» **What to do**
All the lines below should be set down exactly, with no picture carried into the copy.

Short descriptive text snippets
------------------------------

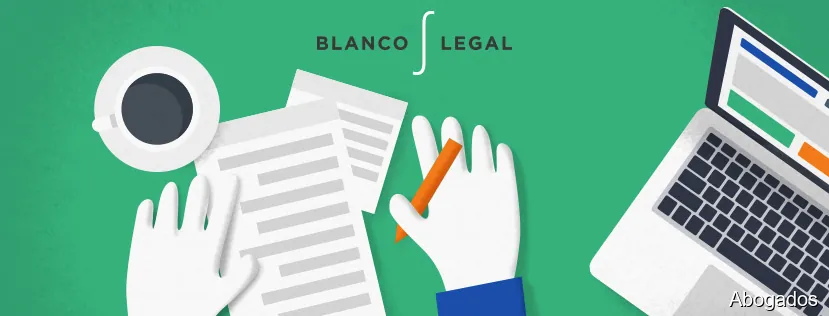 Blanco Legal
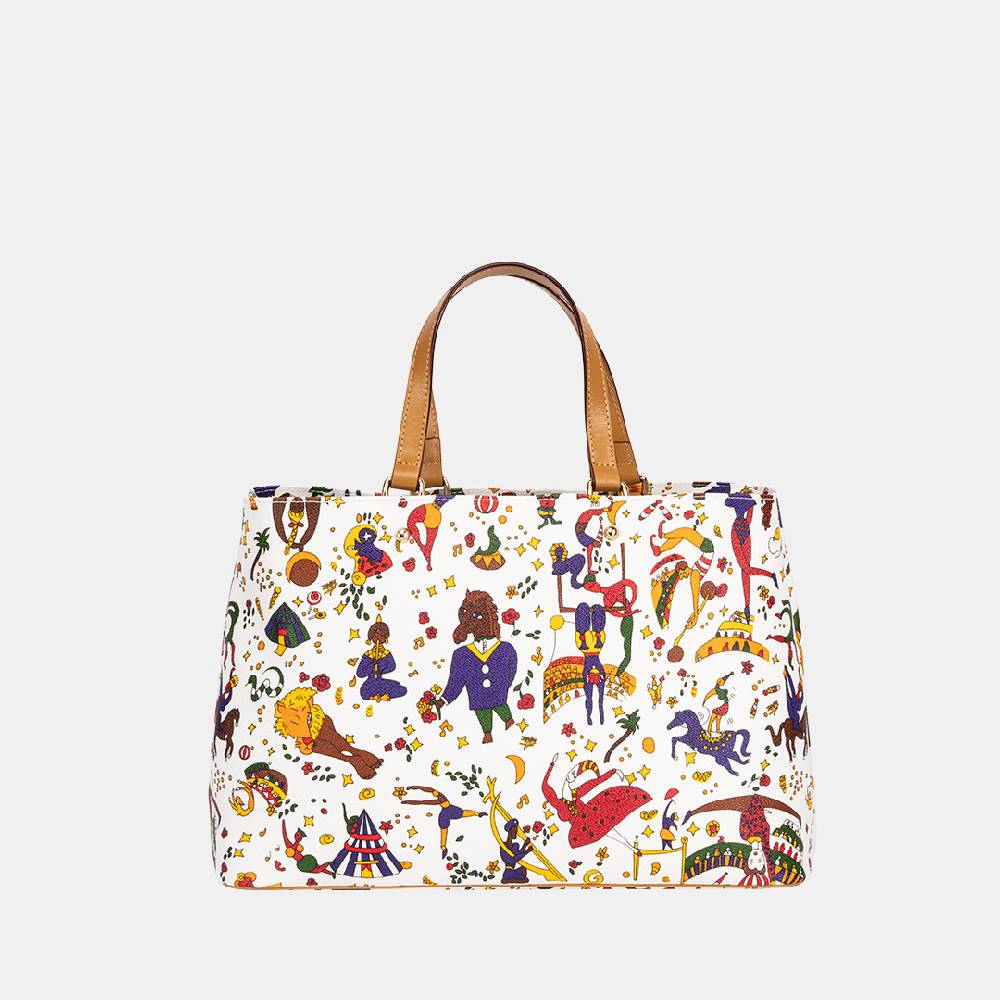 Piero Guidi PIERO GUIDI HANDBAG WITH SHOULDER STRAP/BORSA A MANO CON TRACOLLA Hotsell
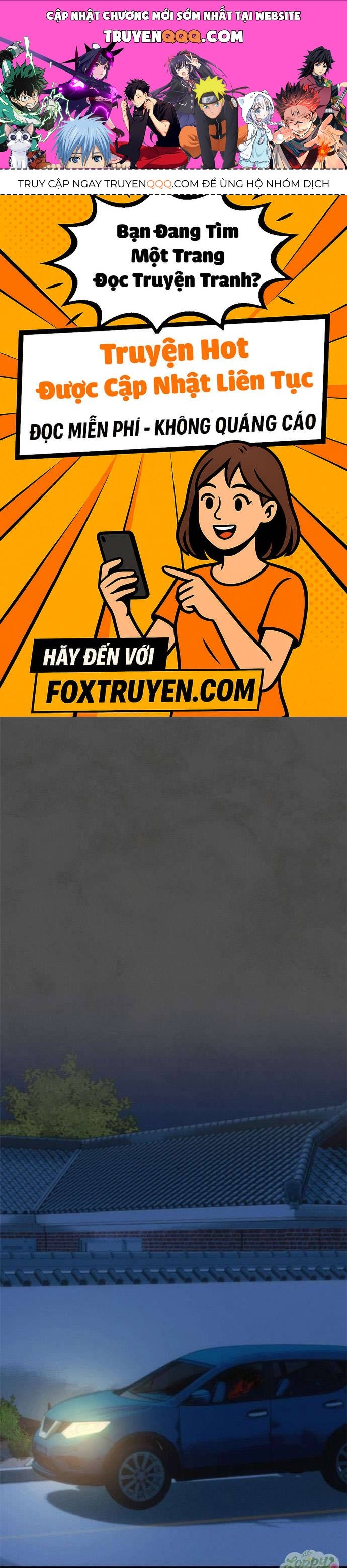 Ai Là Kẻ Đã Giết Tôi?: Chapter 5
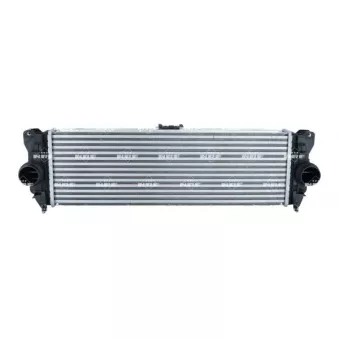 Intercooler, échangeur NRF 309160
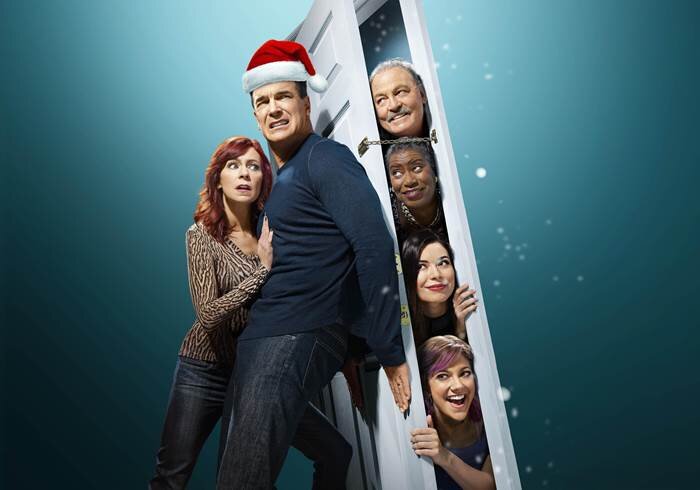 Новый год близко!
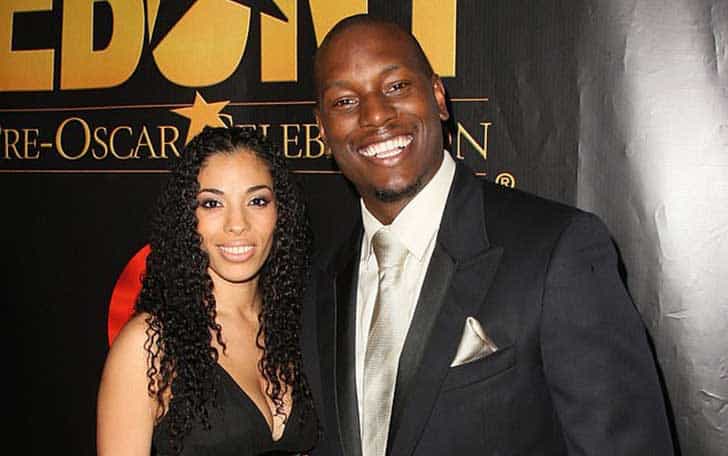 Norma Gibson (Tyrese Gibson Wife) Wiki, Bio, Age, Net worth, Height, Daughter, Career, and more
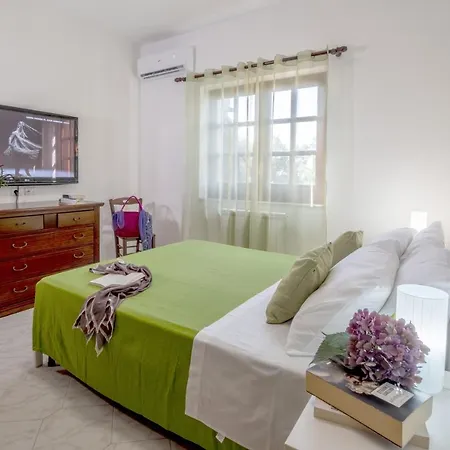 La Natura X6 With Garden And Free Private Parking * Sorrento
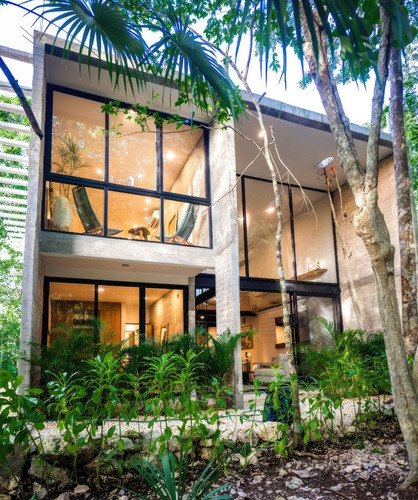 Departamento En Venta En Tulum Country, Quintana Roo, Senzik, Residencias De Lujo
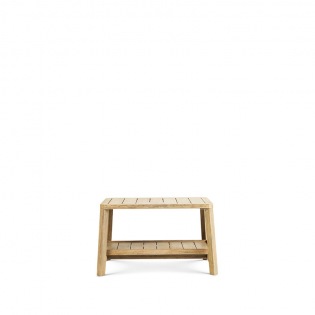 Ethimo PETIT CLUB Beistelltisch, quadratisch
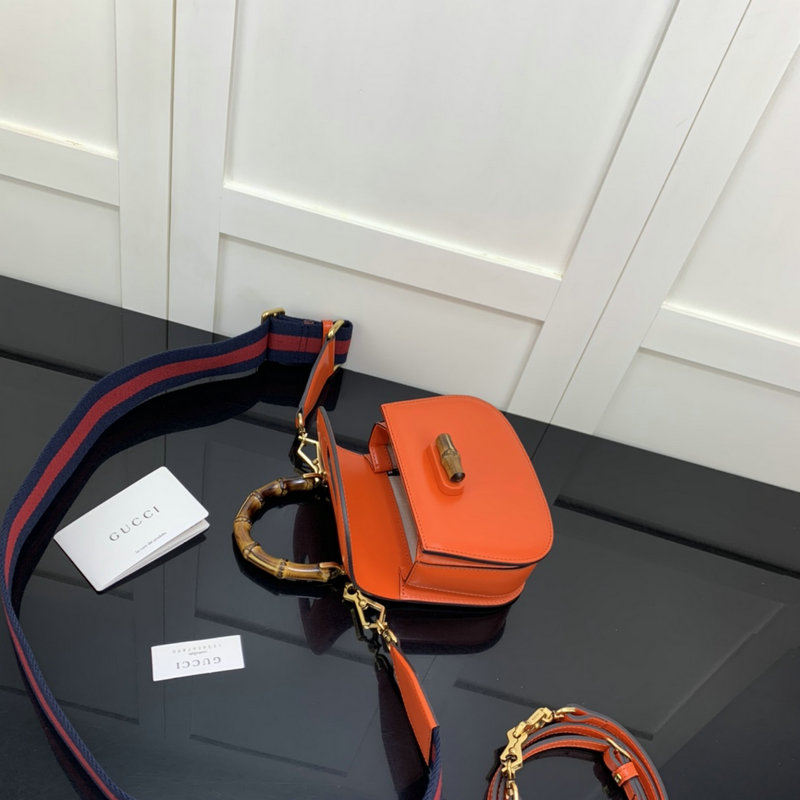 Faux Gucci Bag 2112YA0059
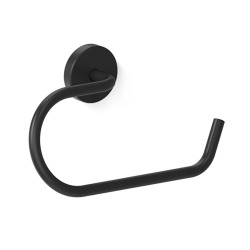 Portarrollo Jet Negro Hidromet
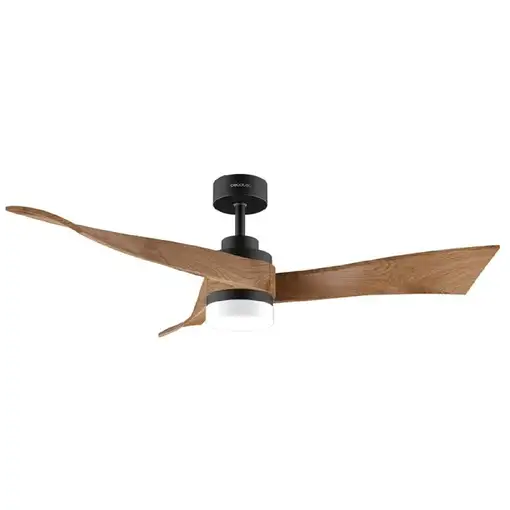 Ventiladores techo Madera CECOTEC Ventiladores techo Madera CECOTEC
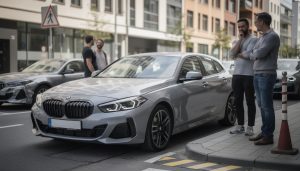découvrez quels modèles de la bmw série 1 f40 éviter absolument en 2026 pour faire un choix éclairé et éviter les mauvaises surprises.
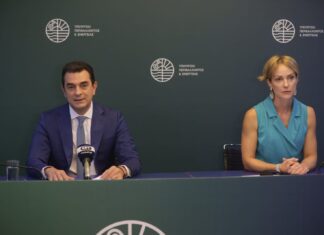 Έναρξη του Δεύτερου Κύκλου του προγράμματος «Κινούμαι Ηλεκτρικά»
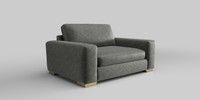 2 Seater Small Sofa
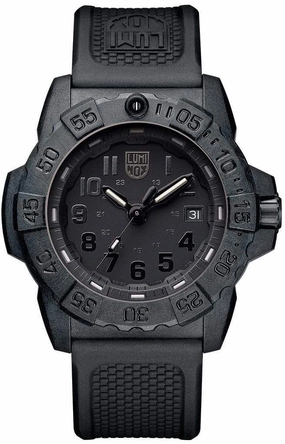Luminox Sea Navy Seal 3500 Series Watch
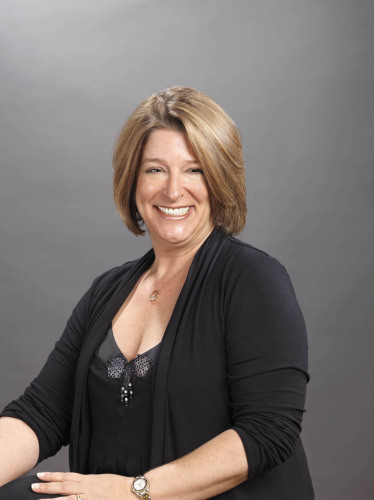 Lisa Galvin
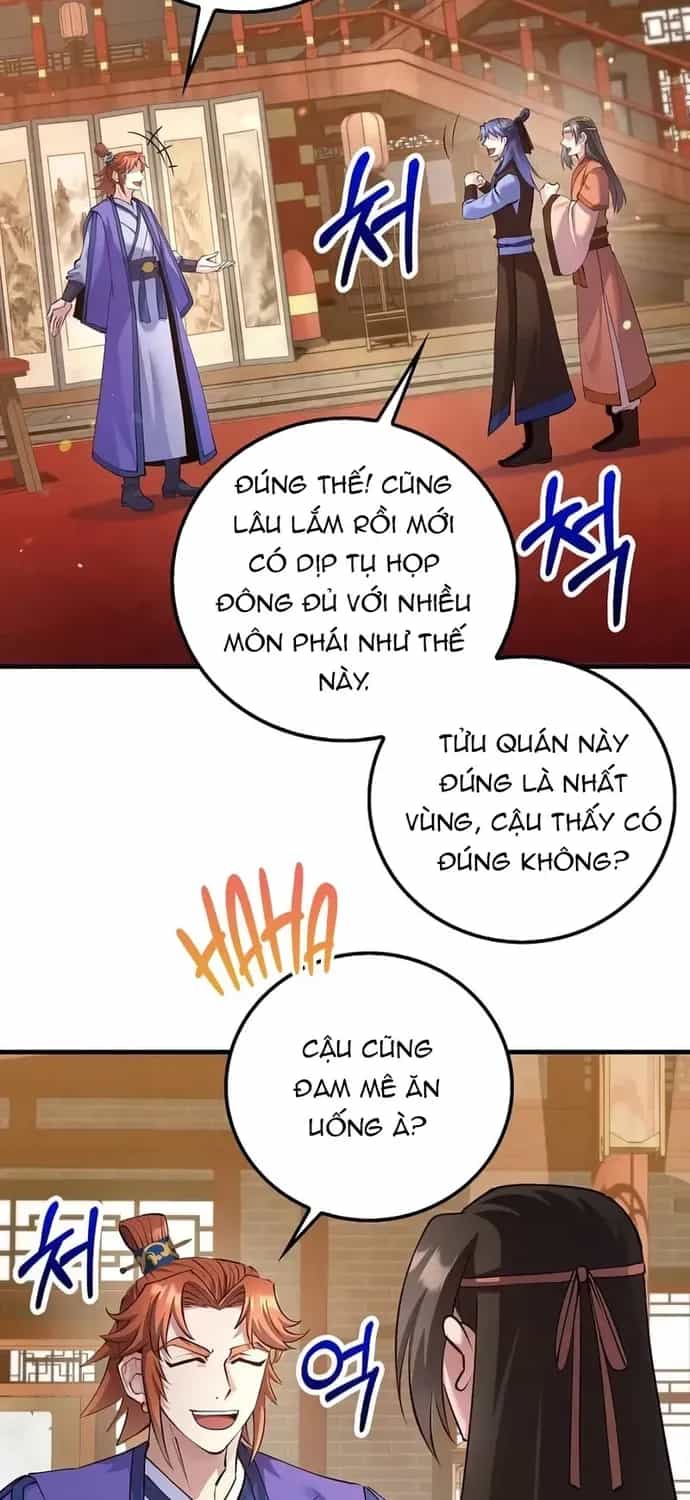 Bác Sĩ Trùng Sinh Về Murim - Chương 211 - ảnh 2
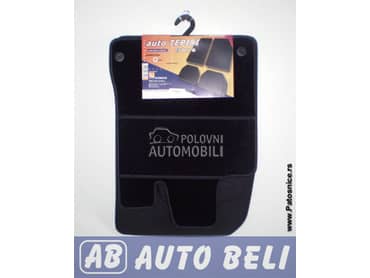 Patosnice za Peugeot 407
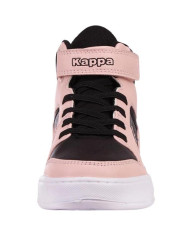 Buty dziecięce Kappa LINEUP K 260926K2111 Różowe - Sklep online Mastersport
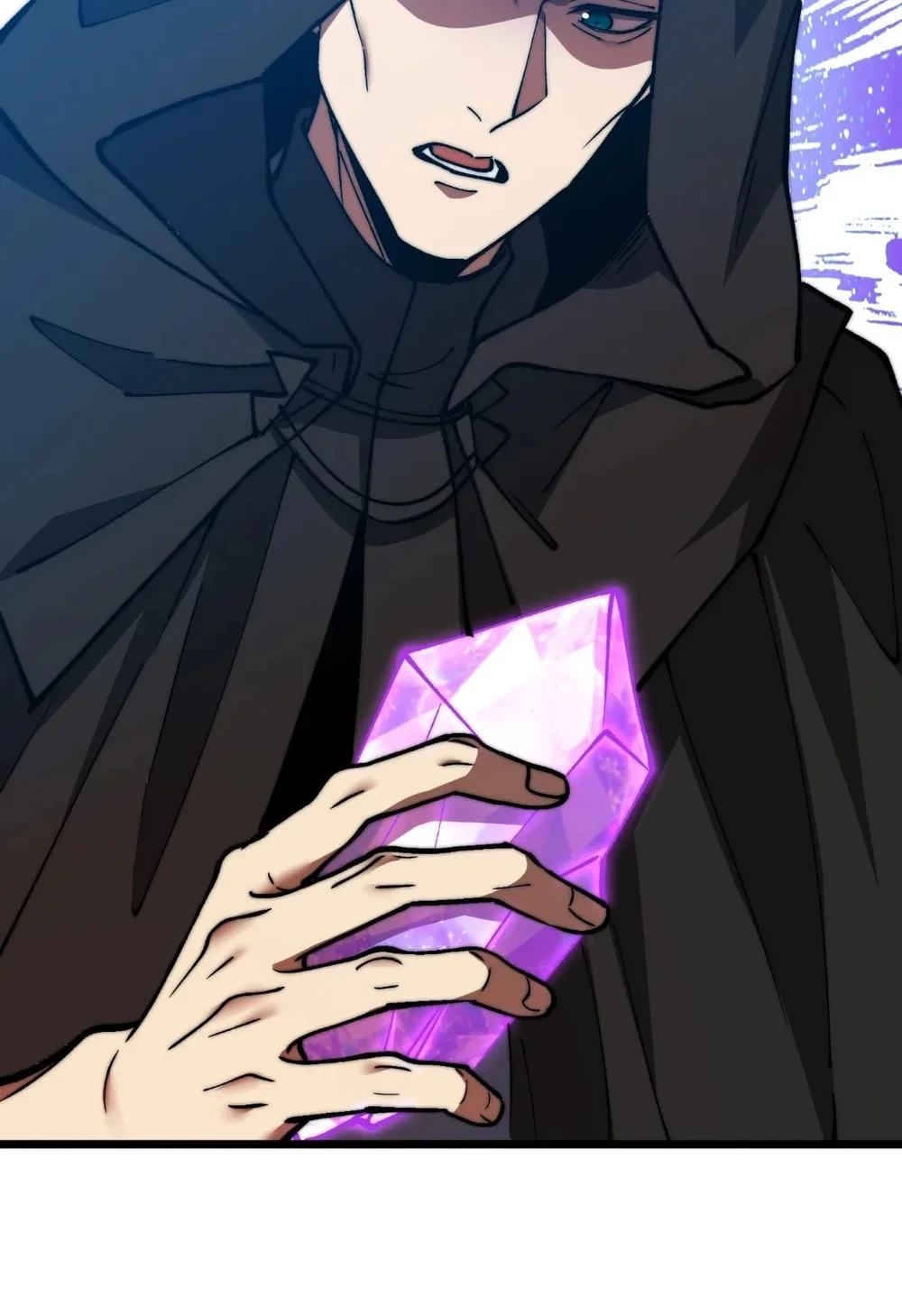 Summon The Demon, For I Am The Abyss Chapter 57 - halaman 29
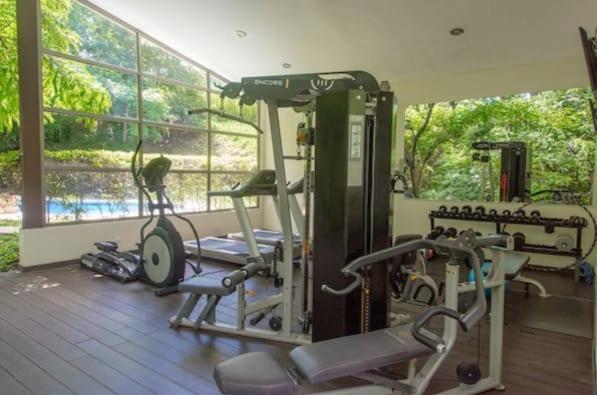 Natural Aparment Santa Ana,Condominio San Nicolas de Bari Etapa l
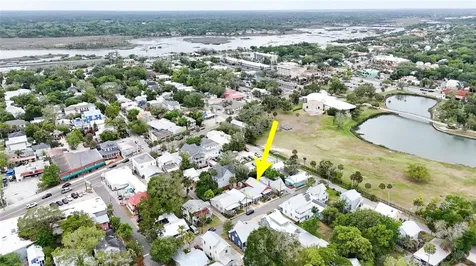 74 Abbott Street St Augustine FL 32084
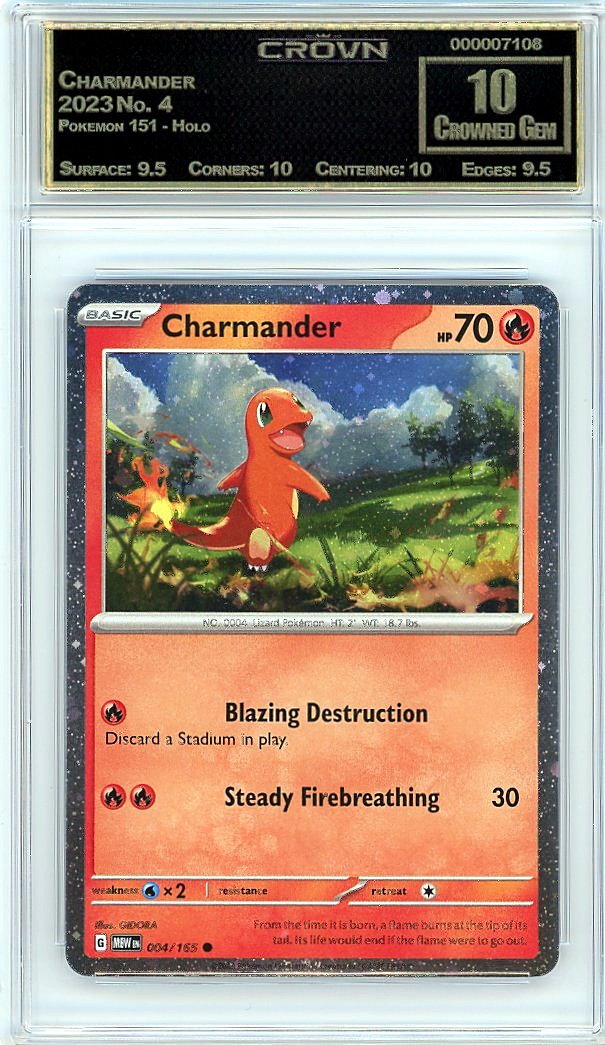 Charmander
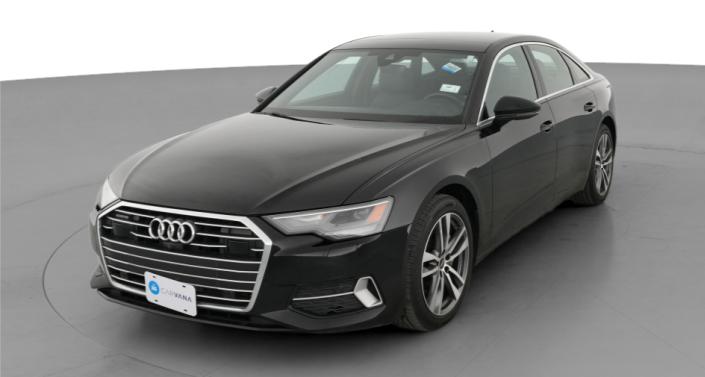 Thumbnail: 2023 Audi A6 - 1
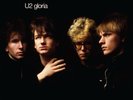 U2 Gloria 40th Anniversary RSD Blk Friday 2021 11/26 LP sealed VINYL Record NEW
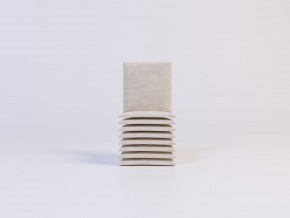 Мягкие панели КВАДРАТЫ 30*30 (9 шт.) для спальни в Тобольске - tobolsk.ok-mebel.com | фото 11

------------------------------

» **Solution to this exercise**
 Blanco Legal
 Piero Guidi PIERO GUIDI HANDBAG WITH SHOULDER STRAP/BORSA A MANO CON TRACOLLA Hotsell
 Ai Là Kẻ Đã Giết Tôi?: Chapter 5
 Intercooler, échangeur NRF 309160
 Новый год близко!
 Norma Gibson (Tyrese Gibson Wife) Wiki, Bio, Age, Net worth, Height, Daughter, Career, and more
 La Natura X6 With Garden And Free Private Parking * Sorrento
 Departamento En Venta En Tulum Country, Quintana Roo, Senzik, Residencias De Lujo
 Ethimo PETIT CLUB Beistelltisch, quadratisch
 Faux Gucci Bag 2112YA0059
 Portarrollo Jet Negro Hidromet
 Ventiladores techo Madera CECOTEC Ventiladores techo Madera CECOTEC
découvrez quels modèles de la bmw série 1 f40 éviter absolument en 2026 pour faire un choix éclairé et éviter les mauvaises surprises.
 Έναρξη του Δεύτερου Κύκλου του προγράμματος «Κινούμαι Ηλεκτρικά»
 2 Seater Small Sofa
Luminox Sea Navy Seal 3500 Series Watch
 Lisa Galvin
 Bác Sĩ Trùng Sinh Về Murim - Chương 211 - ảnh 2
 Patosnice za Peugeot 407
 Buty dziecięce Kappa LINEUP K 260926K2111 Różowe - Sklep online Mastersport
 Summon The Demon, For I Am The Abyss Chapter 57 - halaman 29
 Natural Aparment Santa Ana,Condominio San Nicolas de Bari Etapa l
 74 Abbott Street St Augustine FL 32084
 Charmander
 Thumbnail: 2023 Audi A6 - 1
 U2 Gloria 40th Anniversary RSD Blk Friday 2021 11/26 LP sealed VINYL Record NEW
 Мягкие панели КВАДРАТЫ 30*30 (9 шт.) для спальни в Тобольске - tobolsk.ok-mebel.com | фото 11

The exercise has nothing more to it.